Cancer Immunology, Immunotherapy (Feb 2025)
The profiles of immunosuppressive microenvironment in the Lauren intestinal-type gastric adenocarcinoma
Abstract
Abstract Background Gastric adenocarcinoma (GAC), particularly the Lauren intestinal-type GAC (IGAC), leads to significant mortality in China due to the limited effectiveness of current treatments. This study aims to investigate the mechanisms of immune suppression in IGAC to identify potential targets for enhancing immunotherapy outcomes. Methods Performing an extensive collection and re-analysis of single-cell RNA sequencing (scRNA-seq) of tumor tissues and the corresponding noncancerous mucosae from 15 Chinese patients diagnosed with IGAC, we identified cell subpopulations involved in immune suppression within the tumor microenvironment (TME). We further validated our findings using spatially resolved transcriptomics (SRT), immunofluorescence (IF), and flow cytometry (FCM) on tissues from IGAC patients.

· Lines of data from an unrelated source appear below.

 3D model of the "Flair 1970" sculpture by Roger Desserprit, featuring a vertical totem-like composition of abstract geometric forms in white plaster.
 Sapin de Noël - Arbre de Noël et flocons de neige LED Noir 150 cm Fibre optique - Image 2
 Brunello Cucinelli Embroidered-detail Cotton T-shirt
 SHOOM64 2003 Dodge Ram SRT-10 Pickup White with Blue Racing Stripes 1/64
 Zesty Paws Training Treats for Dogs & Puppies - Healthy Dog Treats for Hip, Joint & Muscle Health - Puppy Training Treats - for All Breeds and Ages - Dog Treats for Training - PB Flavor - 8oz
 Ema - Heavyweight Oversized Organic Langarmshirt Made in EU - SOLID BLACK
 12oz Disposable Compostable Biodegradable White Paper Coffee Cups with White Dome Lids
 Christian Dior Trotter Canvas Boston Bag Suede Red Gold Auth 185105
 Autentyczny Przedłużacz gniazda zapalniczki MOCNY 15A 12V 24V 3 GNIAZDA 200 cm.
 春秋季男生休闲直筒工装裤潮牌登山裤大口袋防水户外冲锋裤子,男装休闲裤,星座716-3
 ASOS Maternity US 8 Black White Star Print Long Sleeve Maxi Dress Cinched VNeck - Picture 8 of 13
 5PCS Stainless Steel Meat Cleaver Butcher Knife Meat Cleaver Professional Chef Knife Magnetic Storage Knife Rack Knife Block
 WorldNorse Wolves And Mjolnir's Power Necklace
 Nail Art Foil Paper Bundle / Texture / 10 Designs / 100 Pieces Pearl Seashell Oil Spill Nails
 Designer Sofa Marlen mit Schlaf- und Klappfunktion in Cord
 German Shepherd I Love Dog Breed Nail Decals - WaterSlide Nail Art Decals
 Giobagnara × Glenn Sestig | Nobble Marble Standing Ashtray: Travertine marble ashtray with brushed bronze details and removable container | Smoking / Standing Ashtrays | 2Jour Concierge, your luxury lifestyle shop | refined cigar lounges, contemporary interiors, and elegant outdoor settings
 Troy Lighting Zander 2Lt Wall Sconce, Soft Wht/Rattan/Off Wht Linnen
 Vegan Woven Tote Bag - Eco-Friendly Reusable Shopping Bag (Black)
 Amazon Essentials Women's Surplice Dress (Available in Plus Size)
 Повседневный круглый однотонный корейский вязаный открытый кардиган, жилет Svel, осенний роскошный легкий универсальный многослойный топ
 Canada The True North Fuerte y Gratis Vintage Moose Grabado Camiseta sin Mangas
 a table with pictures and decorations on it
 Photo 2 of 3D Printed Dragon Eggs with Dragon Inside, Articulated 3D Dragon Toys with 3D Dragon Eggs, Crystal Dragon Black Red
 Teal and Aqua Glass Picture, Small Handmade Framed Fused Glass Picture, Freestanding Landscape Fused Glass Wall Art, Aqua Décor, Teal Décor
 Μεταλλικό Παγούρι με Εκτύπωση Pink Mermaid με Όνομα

Results We demonstrated that the TME of IGAC harbors CD8+ exhausted T cells (Texs) and various subtypes that mediate immunity. We identified specific subpopulations of Texs (HAVCR2 + VCAM1 +) and regulatory T cells (Tregs) (LAYN + TNFRSF4 +) contributing to immune suppression. Furthermore, TNFRSF12A + cancer-associated fibroblasts (CAFs), CTSB + macrophages, and SOD2 + monocytes were found to be involved in maintaining the immunosuppressive milieu. SRT and IF assays confirmed the presence and colocalization of these cell types within the tumor tissues, highlighting their functional interactions. FCM assays indicated that the prevalence of HAVCR2 + VCAM1 + Texs and LAYN + TNFRSF4 + Tregs in tumor tissues was positively associated with IGAC progression. Conclusions Detailed profiles of immunosuppressive cell subpopulations in IGAC provide valuable insights into the complexity and heterogeneity of immunosuppression. These findings underscore the necessity for targeted strategies that disrupt specific immunosuppressive pathways, potentially enhancing the efficacy of immunotherapeutic interventions in IGAC.